## [THE PROBLEM]
No pictures go into the copy. Write out exactly the lines below from the one containing "Crew Neck Long Sleeve Men's Knitwear Sweater" through the one containing "Nappe d'extérieur carrée".

## [GIVEN RECORDS]

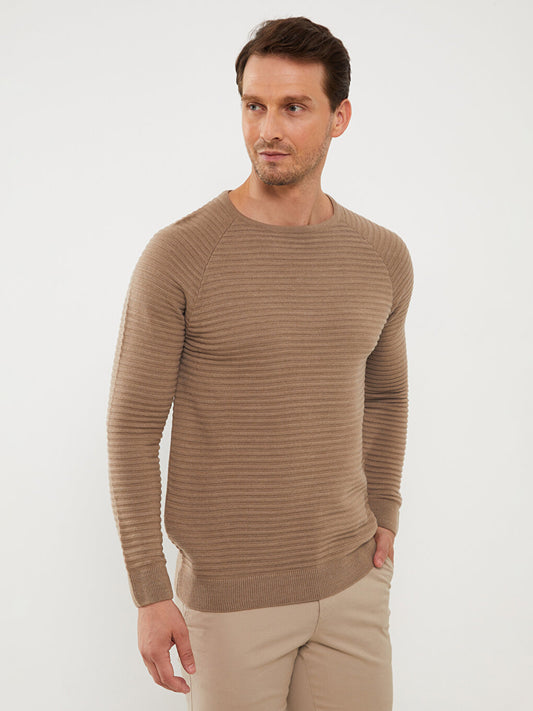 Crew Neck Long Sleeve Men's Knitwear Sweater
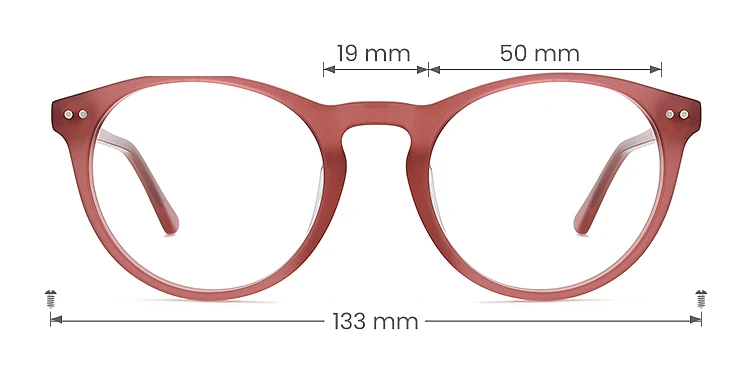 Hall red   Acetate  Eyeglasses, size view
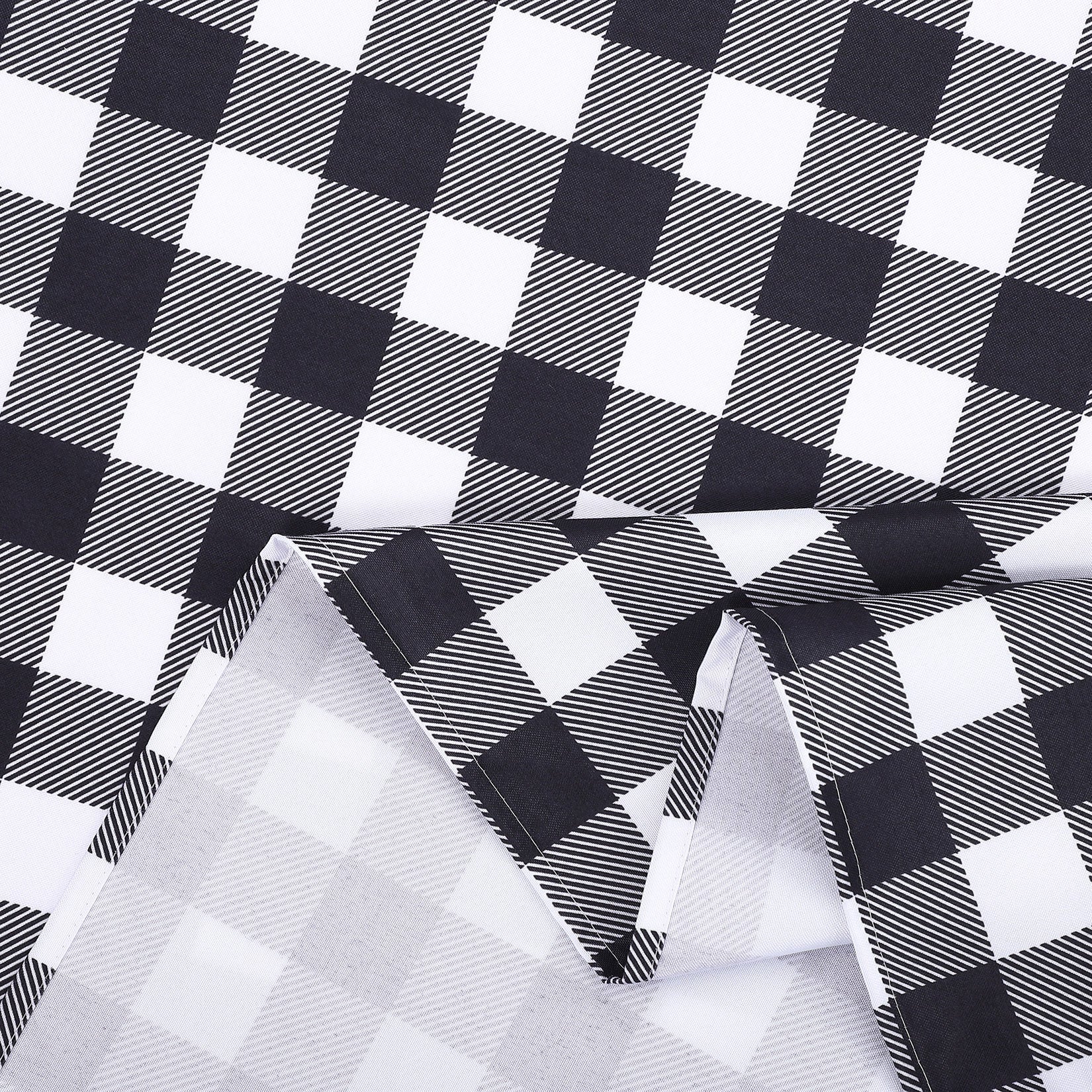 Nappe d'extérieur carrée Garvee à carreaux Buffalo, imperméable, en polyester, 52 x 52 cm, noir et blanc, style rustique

==

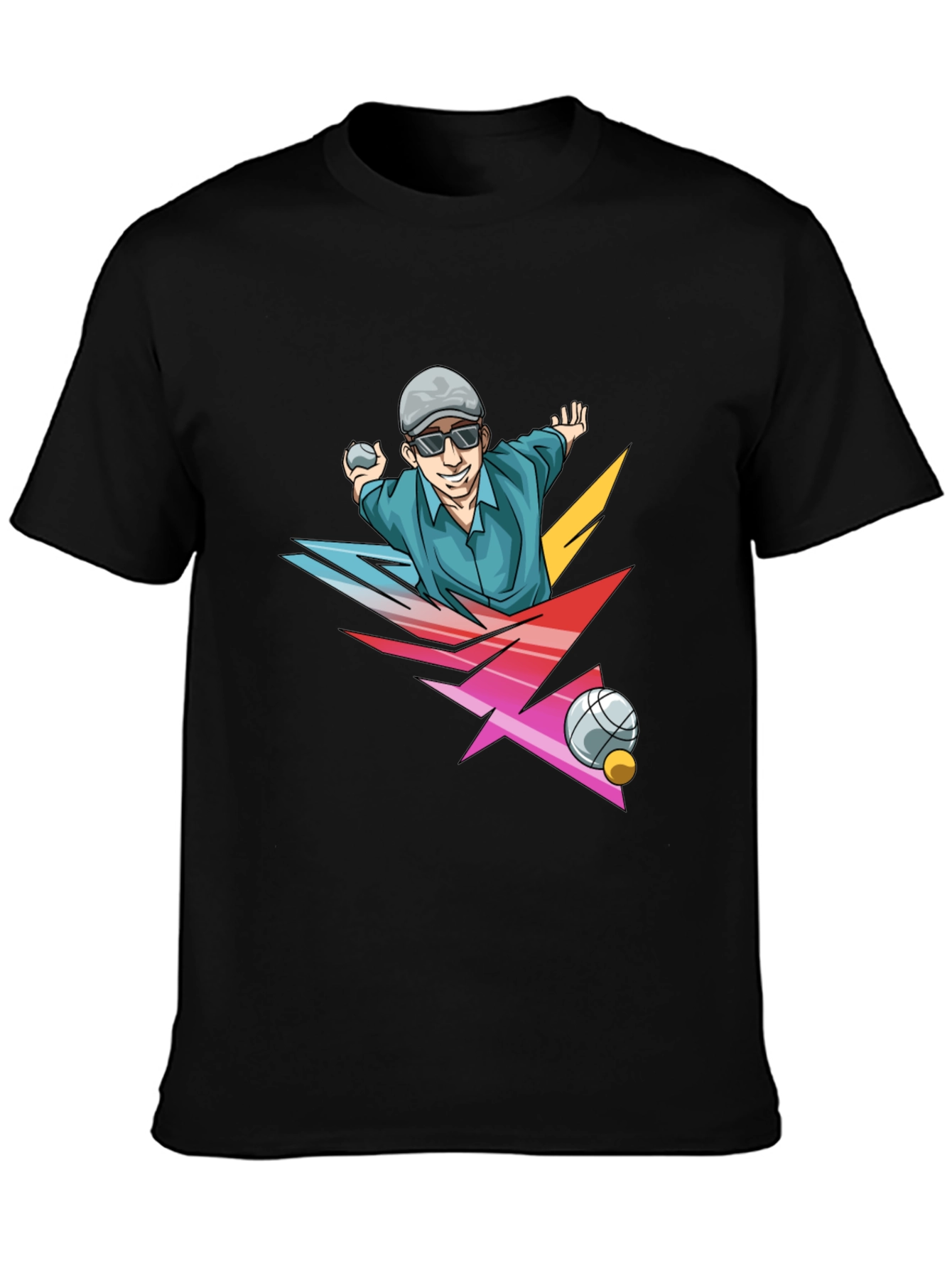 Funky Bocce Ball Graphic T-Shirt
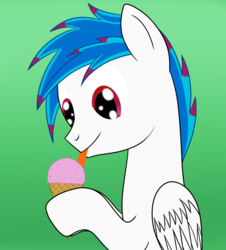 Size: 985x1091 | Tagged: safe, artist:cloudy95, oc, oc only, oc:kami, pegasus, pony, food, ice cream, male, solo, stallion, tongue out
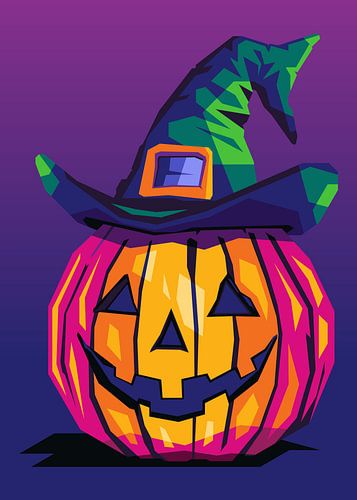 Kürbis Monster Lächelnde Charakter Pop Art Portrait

## [OUTPUT OF THE EXERCISE]
 Crew Neck Long Sleeve Men's Knitwear Sweater
 Hall red   Acetate  Eyeglasses, size view
 Nappe d'extérieur carrée Garvee à carreaux Buffalo, imperméable, en polyester, 52 x 52 cm, noir et blanc, style rustique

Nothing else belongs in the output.